* THE RECORDS:
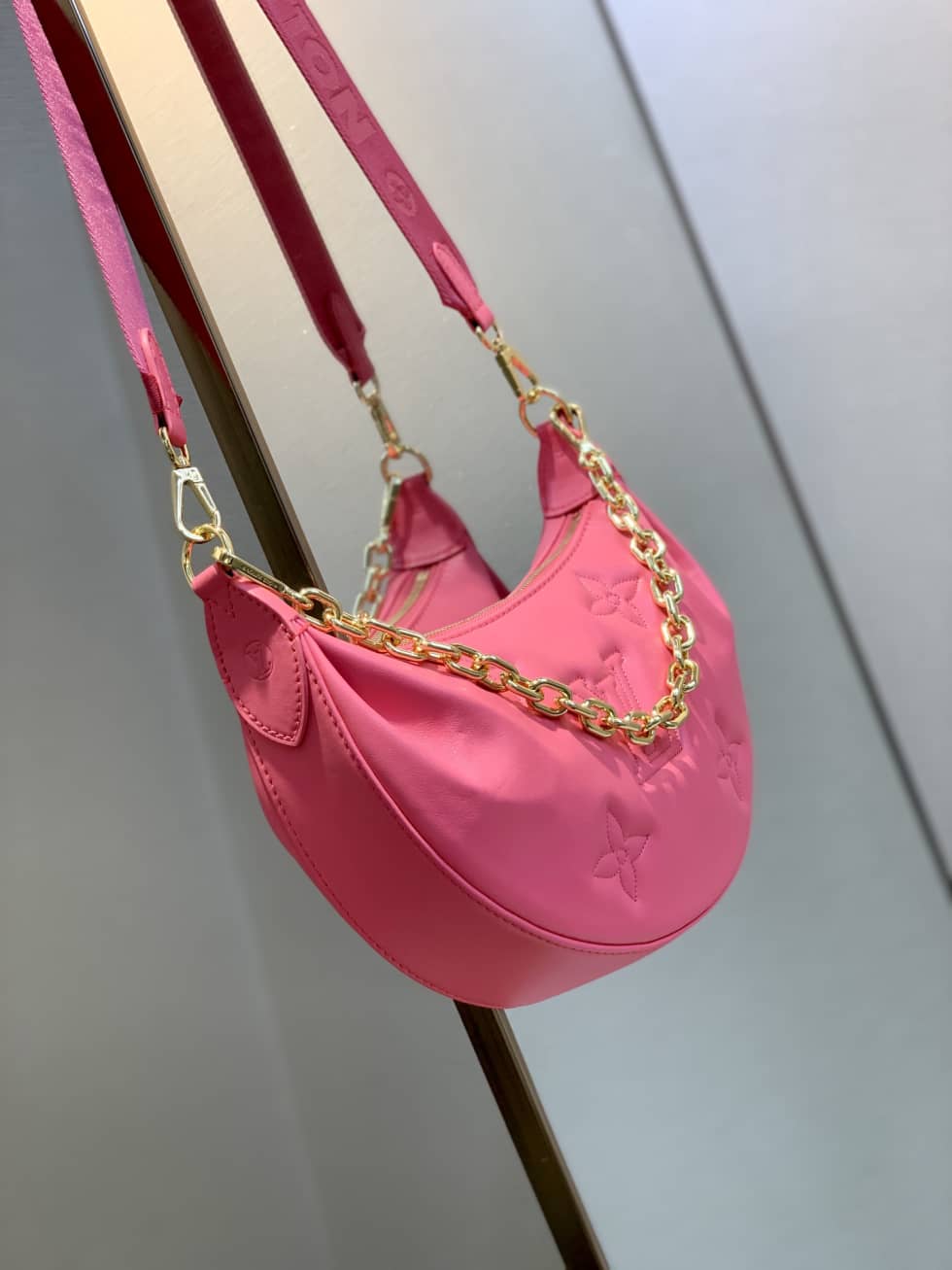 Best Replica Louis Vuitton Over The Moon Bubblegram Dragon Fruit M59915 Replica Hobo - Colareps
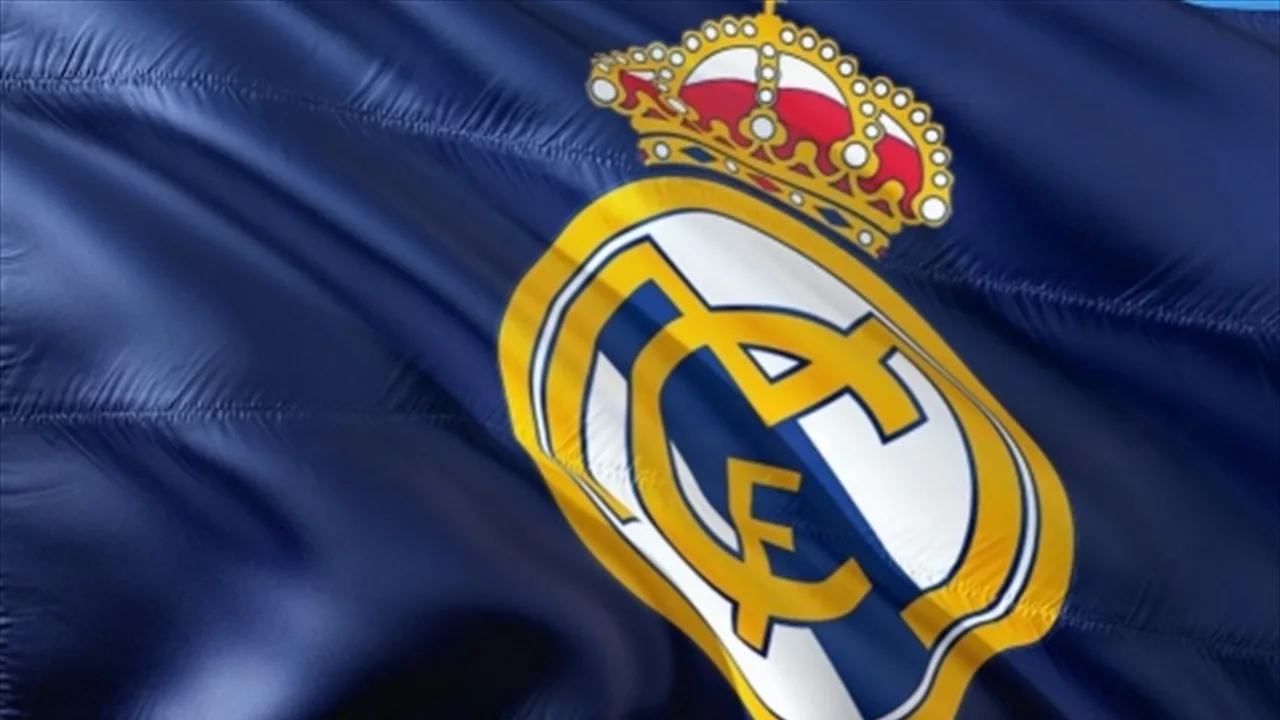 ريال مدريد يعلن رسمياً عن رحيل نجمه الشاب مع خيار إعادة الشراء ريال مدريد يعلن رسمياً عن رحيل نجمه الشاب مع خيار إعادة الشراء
...
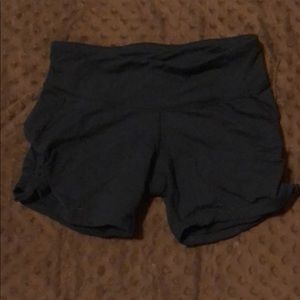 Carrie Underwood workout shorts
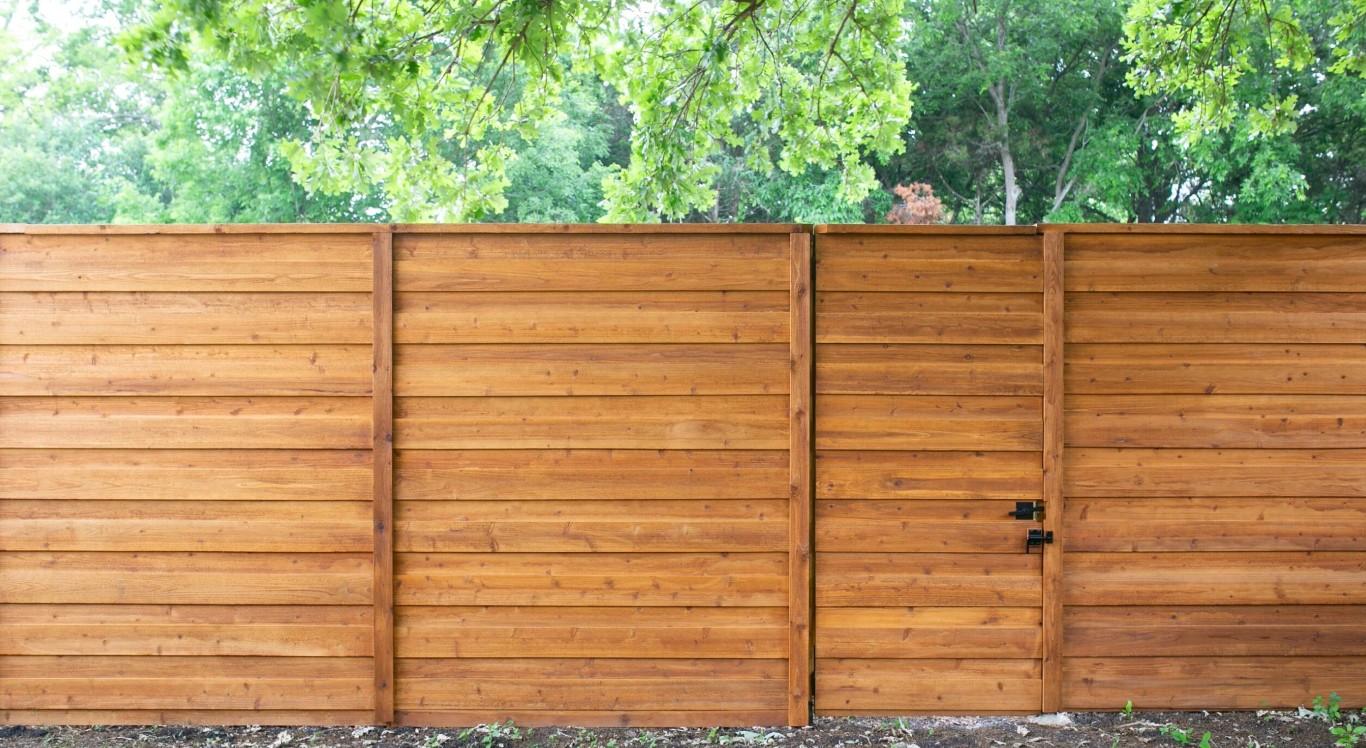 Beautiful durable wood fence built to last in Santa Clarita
==
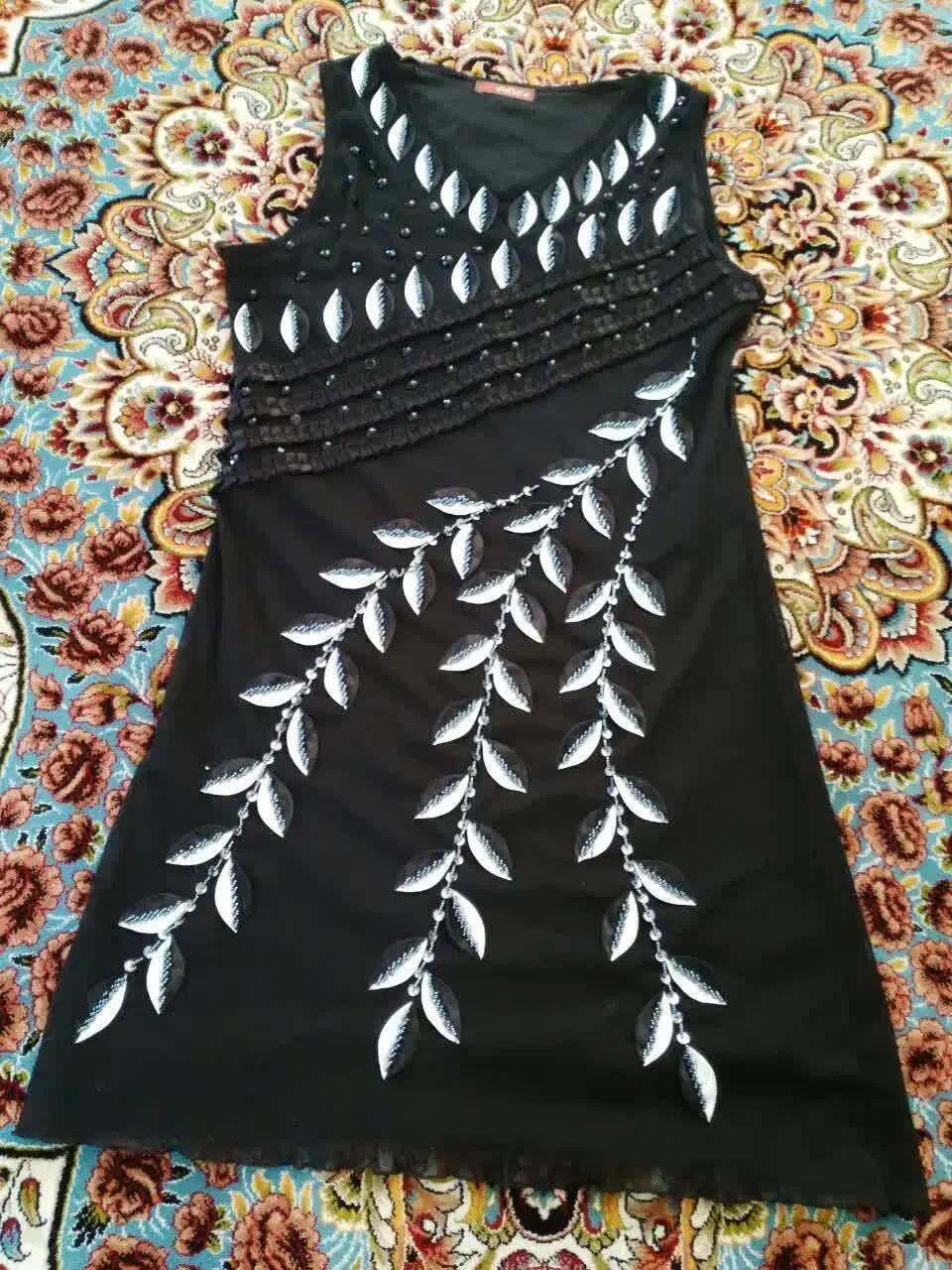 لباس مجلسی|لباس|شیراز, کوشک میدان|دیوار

* BRIEF: Print exactly the lines above that run from the one with "Carrie Underwood workout shorts" to the one with "Beautiful durable wood", both included. No pictures.

* RESULT OF THIS EXERCISE:
 Carrie Underwood workout shorts
 Beautiful durable wood fence built to last in Santa Clarita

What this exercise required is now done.